今回のミニアルバムですが、アップテンポの曲を中心に演奏した5月27日のツアーファイナルとは、逆の方向に向かったような作品になったところが興味深いです。
僕らの根底にあることだと思うんですけど、ありふれた日々の中でふとした瞬間に感じる“あれって幸せだったよな”みたいな、その時は気付かずにあとから分かってくるような、普通のことって超ありがたいんだぜって想いがどの曲にもあって。日々生きるってことを、みんな一生懸命やるじゃないですか。でも、生きるってことを頑張りすぎると、結果が目標になったり、目標が結果になったりしてしまって、人生を細切れに感じてしまう気がするんですよ。人には全員、平等に死が訪れるにもかかわらず、普段は死を遠ざけて、人生がいつか終わることを意識せずに生きていると、今は過程なんだということを見失いがちになるというか。とてもゆるやかな波の中でみんな生きていて、一点に固執せずに人生を一本の線として考えてみたら、今あなたはすごく幸せなところにいるんですよ…ってことを歌いたかったんです。特に「隼」とか「天国」とかは。表に出ている字面とか印象とかって、わりと開けていたり、明るい感じになっていると思うんですけど、実は言いたいことは尖っている。意外と尊い日々を送っているということや、そこに当たり前のようにあることって、簡単になくなっちゃうって分かっておいてほしい。だからって、頑張らないわけではないというか、頑張る理由は別にあるでしょ?っていう。分かりやすい理由がないと踏ん張れない人って多いじゃないですか。それは“目標”とか“結果”とかって考え方で生きているからで、さっき言ったように全部が過程だと思えれば、良かれ悪しかれ、結果を愛することはできるんじゃないか…みたいなことを最近考えていて、それが曲になっているのかなとは思いますね。
明朗で穏やかさを印象付ける作品ではあるけれど、それだけじゃないところも聴きとってほしいと?

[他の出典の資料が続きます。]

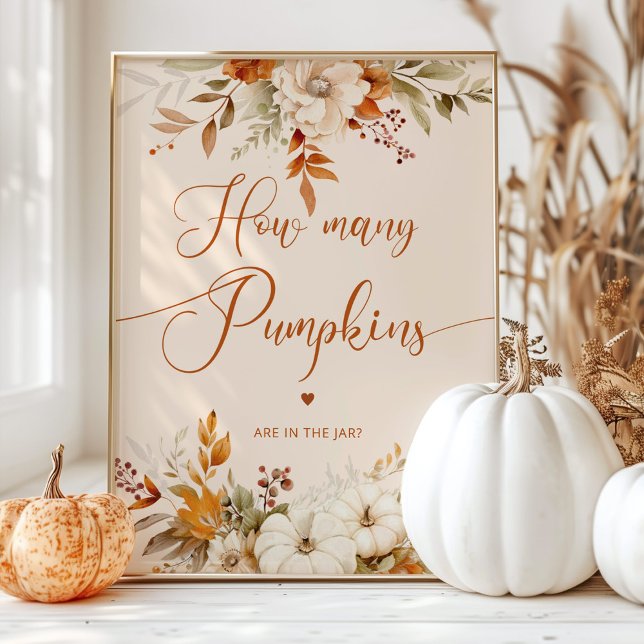 Rustic fall guess how many pumpkins baby shower poster (Creator Uploaded)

それはあります。「隼」の“隼”が実は何なのかはここでは言いませんけど、「隼」で始めて、最後は「天国」で締めたかったんです。「ねこの居る風景」(テレビアニメ『ねこねこ日本史』のエンディングテーマ)を入れることになって、収まりのいい曲順を考えた結果、「天国」は4曲目になりましたけど、そういう明るい作品と思わせ…だから、普段の生活と一緒ですよ。平然と生活していても生と死は表裏一体という。でも、聴いたまま聴いてもらっても全然構わない。「隼」のMVをこれから作るんですけど、監督とどこまでメッセージを打ち出すかって話になった時、そんなにやらんでいいってなりましたし。ポジティブなメッセージもネガティブなメッセージも伝えたくない。そこまで伝えるなら、朝まで飲まないと(笑)。白なんですか? 黒なんですか? 灰色です、どっちもあるんです…って、そこが僕らの難しいところです、ずっと。最近、分かりやすくしてあげるみたいな発想にすぐなるじゃないですか。昔の人も言っている。本を書く時は目線を落として、猿に書くつもりで書かないと売れないよって。でも、人のことを馬鹿にしたようなことを僕はしたくない。この表現は難しいから使わないってことはないです。そういう意味では、今回の曲は自分の中でどういうふうにしたいか見えている状態でとんとんとんと書けました。
それぞれに趣きの違う5曲が揃い、聴き応えあるものになっていますね。
サウンドの個性が全曲違うものになるように決めてから録ったんです。「隼」はシュッとしているというか、迫力よりも味。「光」はもうパンチパンチ。「天国」は雰囲気のある感じで。そういう分け方はしましたけど、その辺も今回は見えていましたね。だから、音もすんなりと決まりました。
バラードの「天国」は、ストリングスも聴きどころですね。
ライヴでストリングスを鳴らしたかったんですよ。それも同期を使わずに生音で鳴らしたかったので、ストリングスの音色をギターで再現できるエフェクターを使ったんです。一応、後ろに打ち込みのストリングスとオーケストラが薄く入っているんですけど、主役はあくまでもギター。壮大にしすぎるとライヴで再現するのが難しい。でも、音源だからいいか、ライヴでやることにとらわれすぎてもな…っていう絶妙なバランスを聴いてほしいです。
絶妙のバランスと言えば、ガレージロックの荒々しさと洗練されたポップ感覚が入り混じる「Sunny side up」もまさにそうですね。
ドラムのキックのドンって抜ける感じがポップさを出しているんですよ。この曲はずっとサビが付けられなくて。AメロとBメロが強すぎて、どういうサビをはめても取って付けたようになってしまう。それならいっそのこと、めちゃめちゃ取って付けたようにしてやろうと思ってやってみたら結構きれいにはまりました(笑)。歌詞にある“銘々”(メイメイ)と“good good”(グーグー)は中国語の妹と兄貴。兄貴と妹が主人公の中国のテレビアニメ(『兄に付ける薬はない!』)に書いた主題歌だから、そういう仕掛けを入れたんですけど、それには誰も気付いていないですね(笑)。もちろん漢字は違うんですけど、中国で流れる時、そういうふうに聴こえたらいいなと思っていたら、中国で流れたのはオフヴォーカルバージョンっていうね(苦笑)。
あ、それで“good good”なんて…。
歌うかぁみたいな?(笑) どこまでくだけられるのかっていう質問というか、問題提起というか、そういう歌詞ではありますよね。“こいつらグーグー言うとるぞ”ってなるのか、“いいね!”ってなるのか。でも、歌っていて気持ち良いから、ま、いいんじゃないかなって思いました(笑)。